Shaul Judelman: My family migrated to the United States when I was two. We weren’t religious but I always felt a deep attachment to the Jewish people and I remember being involved in demonstrations for freeing Soviet Jewry and bringing Ethiopian Jews to Israel. As a young kid I often thought about where we were from, and on a deep level I knew that the Land of Israel was our home; that it was a place where if I was ever down and out, I could come and they would let me in. In the year 2000 I came to Israel in order to experience a Judaism that was connected to the tradition and to the land. But it was also the start of the second intifada, and violence broke out a few months after I arrived.
It was a very intense time. There were bus bombings and suicide attacks and shootings. I lost a cousin and a friend to Palestinian knife attacks. I had come here with hope in the Oslo Accords – and then that hope was dashed. People raise the question whether the violence was ‘terrorism’ or ‘freedom fighting’. While I saw it as terrorism, I was able to understand that, logically, the other side viewed it as freedom fighting. But in 2007 there was an attack on a child in my community in which he was killed by an axe in the back of his head, and after that my politics moved pretty far to the right. I couldn’t understand how Israel was supposed to make peace with people who applauded an attack like that.
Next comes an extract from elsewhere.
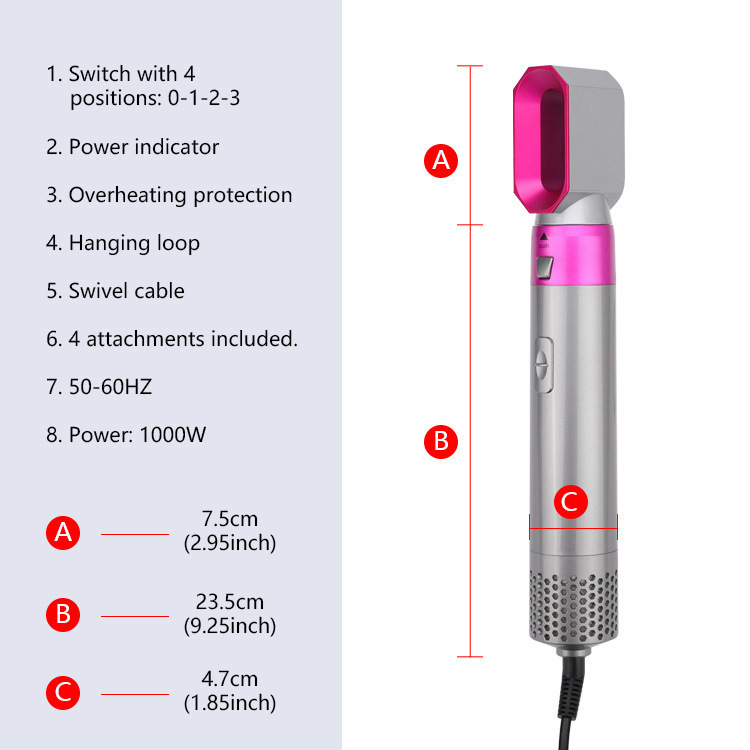 Sắp xếp chéo, 5 máy bay tự động kết hợp gió nóng đa mục đích.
It’s true, this is a political conflict. But what maintains the conflict and makes it intractable are human feelings like anger and fear. We’re an emotional people and violence is a very emotionally stimulating thing. There isn’t a home around here that hasn’t lost someone or felt the fear on their flesh – whether that is fear of the Israel Defence Force (IDF) making an arrest in your town or fear of someone throwing stones at your car while driving. Fear and anger takes us to irrational places and makes us defensive, too sure of ourselves and our positions.
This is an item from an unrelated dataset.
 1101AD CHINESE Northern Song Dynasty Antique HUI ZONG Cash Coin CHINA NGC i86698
Another element in this conflict is despair. 80 per cent of Israelis theoretically support the two-state solution but the same number don’t believe they’ll see it in their lifetime. And this despair applies even to those like myself who can agree with the right of the Palestinians to a state. (We can debate whether Palestinians existed a thousand years ago but this is the reality on the ground now.) Even supporters of Palestinian rights are afraid to create one on the high ground [i.e. The West Bank] given what’s going on in the region. What if Hamas were to gain power there? Are we going to evacuate the settlements and not even get security?
So I don’t trust and I have deep fears. And with that fear comes hatred and stereotyping. Unfortunately one of the fruits of the Oslo Accords is that two generations (of both sides) have no experience of the other than as a soldier / settler / terrorist / murderer. And both sides are sure there is no partner for peace.
CBD: Both you and Ali Abu Awwad have mentioned the anger you had. Yet today you are both engaged in non-violence and in dialogue. What ultimately brought you to Roots?
SJ: In 2007 I was angry and fearful. I felt that our only chance to survive here was to be strong. The challenge that ultimately led me to be sitting here was first presented to me by my Rabbi, Menachem Froman, a settler rabbi from Tekoa (in Gush Etzion). Yasser Arafat once offered him the position of Minister of Jewish Affairs in Palestine! He also met with Sheikh Yassin of Hamas who told him: ‘In Oslo, your heretics and my heretics got together and signed a piece of paper. But you and I could make peace in five minutes.’ I was also influenced by my Judaism. One line from the Talmud – ‘whomever gets angered is as if they had worshipped an idol’ – hit me particularly hard.
Rabbi Froman felt deeply what Judea and Samaria meant. 90 per cent of the Jewish sites in the Bible appear here. Oslo not only didn’t recognise that but gave them away. Rabbi Froman once told Tony Blair that religion is not some dust that can be swept under the carpet but a tiger that will jump out and bite you if it’s not addressed. And Oslo didn’t address it – it touched neither on Palestinian refugees nor Jewish historical claims to this area.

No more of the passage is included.